Local News

Ham Radio Operators Link Tsunami Survivors With Family

Posted January 7, 2005

— In times of disaster, ham radios are frequent lifelines.

When the tsunami hit south Asia, it wiped out almost all communication with the outside world, leaving thousands of American families in the dark about their loved ones' fate.

In the aftermath, ham radios have aided in relief work and reunited families.

"Sometimes ham radio operators are all you have when everything else goes down," operator Walt Edmundson said.

John and Lorraine Newton of Wake Forest used the old-fashioned form of wireless communication to connect with their relatives.

John Newton's mother and step father live on their boat and travel the world.

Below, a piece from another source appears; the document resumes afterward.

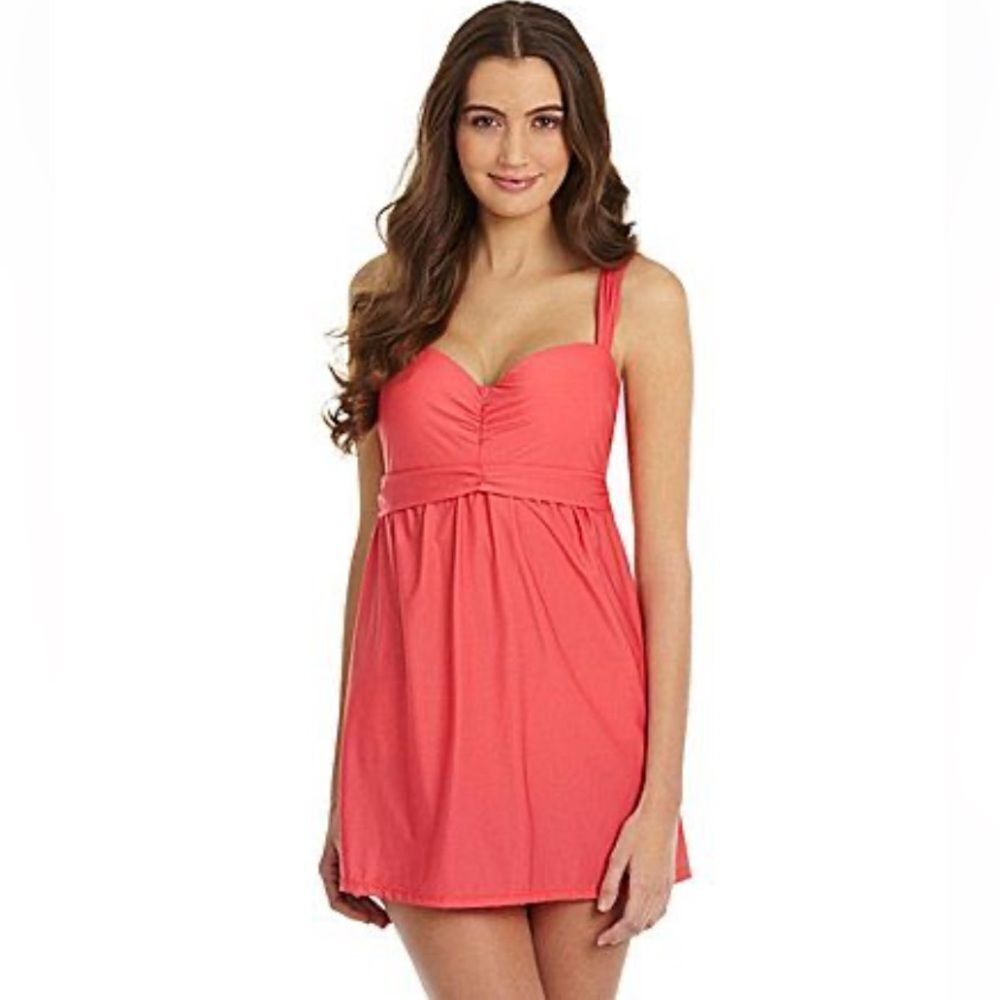 Take 50% OFF- Alex Marie Coral Sleeveless SwimDress, Size-12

Rodney and Rebecca Nowlin were anchored outside Phuket, Thailand when the tsunami hit.

"Your heart stays in your throat. It was a long, long day," John Newton said.

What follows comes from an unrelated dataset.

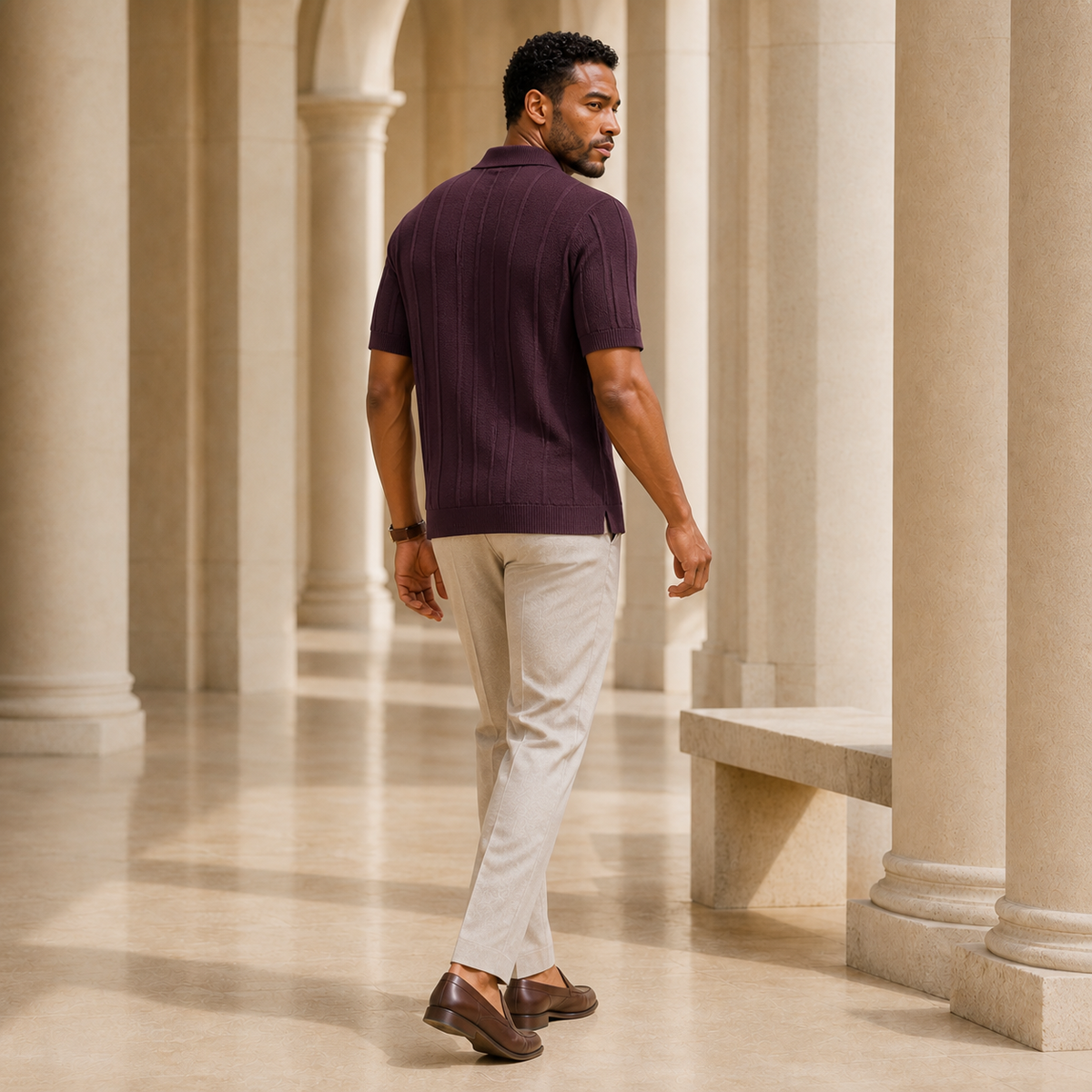 The Laurent Textured Polo in Red — product image 6 #Color_Red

That long day ended when the Newton's received an e-mail from a ham radio operator in South Asia saying John's parents were OK.

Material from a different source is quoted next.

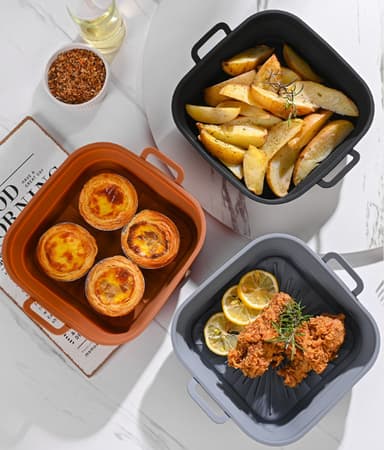 Hopfällbar fyrkantig Air Fryer silikonform 17,5 cm Svart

"He probably checked into a particular net everyday to let people know where he was at," operator Roger Allen said.

With no phones and no computers, a ham radio operator was the bearer of good news for the Newtons.

"They noticed that the beach disappeared. The muddy wave came rushing back toward them while they were out there. When a second wave hit them coming back from the beach with debris, beach chairs and things like that, they pulled up anchor and headed out to sea to deeper water," Newton said.

The operators will come in handy in the future as Newton's parents continue to navigate the oceans of the world.

"They're amazing, they really are," Newton said. "I know I can rely on them during a disaster to get a hold of my parents."

Just days before, the Nowlins were anchored at a Marina in Malaysia that was destroyed by the tsunami.

In the days after the disaster, they went ashore to help victims.